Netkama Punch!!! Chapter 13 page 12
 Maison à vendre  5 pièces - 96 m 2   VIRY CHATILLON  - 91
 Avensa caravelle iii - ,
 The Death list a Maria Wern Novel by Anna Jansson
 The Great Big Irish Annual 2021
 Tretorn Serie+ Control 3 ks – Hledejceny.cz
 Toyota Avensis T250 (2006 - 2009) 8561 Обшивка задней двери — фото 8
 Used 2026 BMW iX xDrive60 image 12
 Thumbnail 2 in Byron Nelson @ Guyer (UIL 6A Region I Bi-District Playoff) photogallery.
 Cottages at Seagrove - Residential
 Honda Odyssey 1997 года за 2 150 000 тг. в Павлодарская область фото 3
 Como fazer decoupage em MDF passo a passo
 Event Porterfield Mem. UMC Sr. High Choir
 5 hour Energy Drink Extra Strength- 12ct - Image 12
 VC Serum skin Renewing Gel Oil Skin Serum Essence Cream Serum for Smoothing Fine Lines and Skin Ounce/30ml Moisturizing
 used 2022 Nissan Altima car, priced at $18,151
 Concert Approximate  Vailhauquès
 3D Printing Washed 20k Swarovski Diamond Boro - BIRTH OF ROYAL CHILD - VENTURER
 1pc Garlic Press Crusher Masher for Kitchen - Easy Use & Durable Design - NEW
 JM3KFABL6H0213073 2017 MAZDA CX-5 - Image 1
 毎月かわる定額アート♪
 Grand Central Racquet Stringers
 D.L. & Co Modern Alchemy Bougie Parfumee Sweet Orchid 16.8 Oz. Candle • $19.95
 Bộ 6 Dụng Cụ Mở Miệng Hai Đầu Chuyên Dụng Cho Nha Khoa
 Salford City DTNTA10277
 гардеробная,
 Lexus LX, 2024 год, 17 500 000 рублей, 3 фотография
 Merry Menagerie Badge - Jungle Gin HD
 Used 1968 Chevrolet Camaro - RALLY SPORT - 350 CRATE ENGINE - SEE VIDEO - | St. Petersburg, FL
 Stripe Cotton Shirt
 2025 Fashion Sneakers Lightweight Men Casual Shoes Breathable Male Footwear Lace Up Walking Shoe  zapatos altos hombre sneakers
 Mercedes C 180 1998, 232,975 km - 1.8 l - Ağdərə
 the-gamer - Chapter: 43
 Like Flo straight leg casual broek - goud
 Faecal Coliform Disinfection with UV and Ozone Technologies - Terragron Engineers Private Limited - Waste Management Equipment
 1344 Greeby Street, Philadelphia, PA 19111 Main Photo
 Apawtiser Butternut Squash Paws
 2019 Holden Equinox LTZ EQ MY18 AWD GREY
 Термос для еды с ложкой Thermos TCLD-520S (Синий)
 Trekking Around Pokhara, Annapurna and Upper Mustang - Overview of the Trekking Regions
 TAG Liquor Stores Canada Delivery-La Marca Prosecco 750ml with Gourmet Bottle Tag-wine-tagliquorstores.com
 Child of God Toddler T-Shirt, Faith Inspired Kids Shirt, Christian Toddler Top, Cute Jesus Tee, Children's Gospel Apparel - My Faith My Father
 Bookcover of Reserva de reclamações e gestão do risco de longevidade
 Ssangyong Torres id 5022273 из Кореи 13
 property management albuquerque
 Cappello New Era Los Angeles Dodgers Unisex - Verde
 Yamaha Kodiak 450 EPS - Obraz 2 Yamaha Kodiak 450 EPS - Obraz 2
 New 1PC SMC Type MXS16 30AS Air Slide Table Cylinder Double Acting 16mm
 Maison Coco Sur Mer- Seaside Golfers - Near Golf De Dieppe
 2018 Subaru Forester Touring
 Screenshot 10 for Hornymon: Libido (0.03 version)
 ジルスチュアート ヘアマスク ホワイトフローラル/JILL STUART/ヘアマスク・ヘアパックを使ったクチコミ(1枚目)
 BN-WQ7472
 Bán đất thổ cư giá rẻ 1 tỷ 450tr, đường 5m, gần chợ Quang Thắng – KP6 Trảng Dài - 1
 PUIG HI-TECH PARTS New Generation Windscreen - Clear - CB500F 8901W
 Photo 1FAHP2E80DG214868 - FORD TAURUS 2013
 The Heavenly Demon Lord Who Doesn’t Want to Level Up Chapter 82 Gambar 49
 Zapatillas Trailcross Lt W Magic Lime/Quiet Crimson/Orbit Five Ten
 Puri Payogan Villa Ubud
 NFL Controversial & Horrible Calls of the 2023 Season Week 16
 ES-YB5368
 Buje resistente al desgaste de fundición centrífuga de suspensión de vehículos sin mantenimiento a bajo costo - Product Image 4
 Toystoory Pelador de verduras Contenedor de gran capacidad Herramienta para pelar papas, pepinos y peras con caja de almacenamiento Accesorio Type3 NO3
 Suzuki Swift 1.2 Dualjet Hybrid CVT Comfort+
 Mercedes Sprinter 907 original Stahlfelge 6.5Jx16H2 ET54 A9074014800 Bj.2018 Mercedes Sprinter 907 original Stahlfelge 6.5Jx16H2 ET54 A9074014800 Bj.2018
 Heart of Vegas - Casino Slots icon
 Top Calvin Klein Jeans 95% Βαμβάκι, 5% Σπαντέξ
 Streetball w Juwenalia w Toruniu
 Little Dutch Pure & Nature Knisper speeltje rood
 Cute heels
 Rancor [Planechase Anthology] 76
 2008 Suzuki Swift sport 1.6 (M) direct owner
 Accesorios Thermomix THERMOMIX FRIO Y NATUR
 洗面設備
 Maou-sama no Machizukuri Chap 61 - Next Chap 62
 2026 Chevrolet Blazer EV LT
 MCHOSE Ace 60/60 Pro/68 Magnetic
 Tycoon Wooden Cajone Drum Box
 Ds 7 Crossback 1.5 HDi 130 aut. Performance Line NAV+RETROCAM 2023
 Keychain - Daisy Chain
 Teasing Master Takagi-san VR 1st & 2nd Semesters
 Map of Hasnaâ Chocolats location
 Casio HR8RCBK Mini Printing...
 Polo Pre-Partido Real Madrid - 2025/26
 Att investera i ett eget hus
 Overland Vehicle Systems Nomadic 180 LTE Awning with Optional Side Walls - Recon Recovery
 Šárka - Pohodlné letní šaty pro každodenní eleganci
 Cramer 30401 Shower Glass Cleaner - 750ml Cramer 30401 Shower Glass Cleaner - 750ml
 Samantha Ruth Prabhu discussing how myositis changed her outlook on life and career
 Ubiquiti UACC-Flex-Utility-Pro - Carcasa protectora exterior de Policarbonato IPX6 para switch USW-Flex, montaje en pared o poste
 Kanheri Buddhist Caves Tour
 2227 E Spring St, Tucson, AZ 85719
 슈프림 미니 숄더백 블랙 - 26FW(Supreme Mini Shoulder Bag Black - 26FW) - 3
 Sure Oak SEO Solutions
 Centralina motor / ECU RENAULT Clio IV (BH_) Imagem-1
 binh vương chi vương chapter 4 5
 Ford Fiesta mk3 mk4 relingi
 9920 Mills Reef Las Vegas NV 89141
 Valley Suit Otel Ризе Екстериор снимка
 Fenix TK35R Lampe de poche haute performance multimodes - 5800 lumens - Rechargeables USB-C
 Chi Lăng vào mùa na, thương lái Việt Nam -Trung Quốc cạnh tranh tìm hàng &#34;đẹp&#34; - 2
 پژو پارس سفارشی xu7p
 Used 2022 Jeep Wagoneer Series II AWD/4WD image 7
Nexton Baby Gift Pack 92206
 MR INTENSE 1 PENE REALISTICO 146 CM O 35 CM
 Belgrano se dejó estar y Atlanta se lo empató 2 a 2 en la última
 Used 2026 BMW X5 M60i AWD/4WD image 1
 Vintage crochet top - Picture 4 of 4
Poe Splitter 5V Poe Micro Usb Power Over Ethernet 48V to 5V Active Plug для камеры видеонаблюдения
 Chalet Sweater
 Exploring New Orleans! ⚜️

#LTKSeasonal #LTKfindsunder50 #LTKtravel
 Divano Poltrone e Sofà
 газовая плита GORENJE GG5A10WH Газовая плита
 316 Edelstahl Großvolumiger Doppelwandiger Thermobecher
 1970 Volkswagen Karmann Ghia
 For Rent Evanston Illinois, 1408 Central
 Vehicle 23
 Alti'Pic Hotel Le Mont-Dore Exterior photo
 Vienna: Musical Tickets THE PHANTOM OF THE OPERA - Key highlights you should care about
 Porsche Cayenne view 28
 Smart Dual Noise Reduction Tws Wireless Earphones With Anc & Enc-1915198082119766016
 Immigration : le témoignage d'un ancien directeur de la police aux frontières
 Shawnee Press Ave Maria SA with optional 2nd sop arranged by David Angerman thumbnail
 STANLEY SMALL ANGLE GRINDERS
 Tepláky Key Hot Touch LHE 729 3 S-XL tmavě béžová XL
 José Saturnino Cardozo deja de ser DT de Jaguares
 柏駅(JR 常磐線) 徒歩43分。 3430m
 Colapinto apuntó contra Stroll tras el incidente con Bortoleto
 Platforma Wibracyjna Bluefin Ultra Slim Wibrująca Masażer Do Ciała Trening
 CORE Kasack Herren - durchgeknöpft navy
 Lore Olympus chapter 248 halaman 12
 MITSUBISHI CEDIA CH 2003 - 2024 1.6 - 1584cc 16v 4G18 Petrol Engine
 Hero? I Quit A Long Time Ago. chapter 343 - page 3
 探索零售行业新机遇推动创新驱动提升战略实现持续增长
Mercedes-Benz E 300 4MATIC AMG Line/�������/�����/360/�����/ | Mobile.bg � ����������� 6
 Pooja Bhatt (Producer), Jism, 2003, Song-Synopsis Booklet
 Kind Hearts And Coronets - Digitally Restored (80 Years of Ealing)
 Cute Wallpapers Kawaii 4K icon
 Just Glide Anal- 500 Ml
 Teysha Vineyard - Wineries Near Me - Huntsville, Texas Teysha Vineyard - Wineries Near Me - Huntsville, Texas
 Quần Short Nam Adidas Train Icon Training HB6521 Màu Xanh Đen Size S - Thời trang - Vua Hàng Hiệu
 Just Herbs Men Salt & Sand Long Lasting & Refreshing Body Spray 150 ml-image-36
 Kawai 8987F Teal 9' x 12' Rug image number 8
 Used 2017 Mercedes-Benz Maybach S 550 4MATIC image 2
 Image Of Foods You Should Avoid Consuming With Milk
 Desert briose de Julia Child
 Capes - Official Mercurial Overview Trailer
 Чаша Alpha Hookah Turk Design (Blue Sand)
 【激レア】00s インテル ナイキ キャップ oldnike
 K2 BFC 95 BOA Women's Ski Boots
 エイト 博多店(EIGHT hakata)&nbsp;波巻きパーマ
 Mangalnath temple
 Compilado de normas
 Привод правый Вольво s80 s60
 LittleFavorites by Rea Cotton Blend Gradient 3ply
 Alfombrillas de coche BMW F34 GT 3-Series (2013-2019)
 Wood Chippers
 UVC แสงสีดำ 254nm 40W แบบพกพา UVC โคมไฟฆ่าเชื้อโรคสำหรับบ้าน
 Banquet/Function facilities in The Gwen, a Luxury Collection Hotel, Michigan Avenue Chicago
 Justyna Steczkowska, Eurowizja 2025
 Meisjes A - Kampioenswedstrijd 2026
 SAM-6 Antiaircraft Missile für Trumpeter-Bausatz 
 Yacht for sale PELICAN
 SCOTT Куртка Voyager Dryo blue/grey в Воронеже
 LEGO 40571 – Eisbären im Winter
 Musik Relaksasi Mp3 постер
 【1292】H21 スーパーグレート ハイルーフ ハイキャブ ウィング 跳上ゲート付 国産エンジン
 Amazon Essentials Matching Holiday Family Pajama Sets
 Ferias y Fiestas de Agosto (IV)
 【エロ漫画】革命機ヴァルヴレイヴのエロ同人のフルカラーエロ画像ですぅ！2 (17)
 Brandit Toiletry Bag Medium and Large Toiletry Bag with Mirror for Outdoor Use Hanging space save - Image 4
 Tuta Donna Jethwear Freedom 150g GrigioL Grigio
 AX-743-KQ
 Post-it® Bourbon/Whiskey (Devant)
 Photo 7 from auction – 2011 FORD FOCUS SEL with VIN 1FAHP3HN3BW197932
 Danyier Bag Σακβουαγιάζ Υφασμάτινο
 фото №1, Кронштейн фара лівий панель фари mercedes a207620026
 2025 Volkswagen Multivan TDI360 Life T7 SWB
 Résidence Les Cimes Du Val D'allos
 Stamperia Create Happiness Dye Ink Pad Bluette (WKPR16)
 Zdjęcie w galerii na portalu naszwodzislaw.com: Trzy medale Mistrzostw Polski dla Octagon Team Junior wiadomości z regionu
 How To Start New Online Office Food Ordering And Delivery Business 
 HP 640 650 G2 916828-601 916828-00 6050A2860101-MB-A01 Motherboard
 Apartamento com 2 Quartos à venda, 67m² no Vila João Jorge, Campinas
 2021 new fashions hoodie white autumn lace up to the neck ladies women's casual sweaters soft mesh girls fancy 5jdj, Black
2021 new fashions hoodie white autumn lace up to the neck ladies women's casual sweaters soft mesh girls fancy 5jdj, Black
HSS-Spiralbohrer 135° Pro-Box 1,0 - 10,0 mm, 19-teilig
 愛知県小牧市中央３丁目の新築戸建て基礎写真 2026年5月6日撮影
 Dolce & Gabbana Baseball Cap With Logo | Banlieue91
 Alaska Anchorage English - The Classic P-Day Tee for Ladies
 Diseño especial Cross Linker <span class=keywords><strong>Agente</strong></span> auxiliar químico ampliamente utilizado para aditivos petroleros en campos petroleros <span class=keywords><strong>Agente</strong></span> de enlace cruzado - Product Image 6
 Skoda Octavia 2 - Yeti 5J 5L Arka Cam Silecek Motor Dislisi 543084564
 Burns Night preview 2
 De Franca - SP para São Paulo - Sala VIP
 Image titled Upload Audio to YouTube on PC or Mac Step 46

◆ Brief
The word "Printing" may appear in several lines of the data; copy every line where it does.

◆ Answer box
 3D Printing Washed 20k Swarovski Diamond Boro - BIRTH OF ROYAL CHILD - VENTURER
 Casio HR8RCBK Mini Printing...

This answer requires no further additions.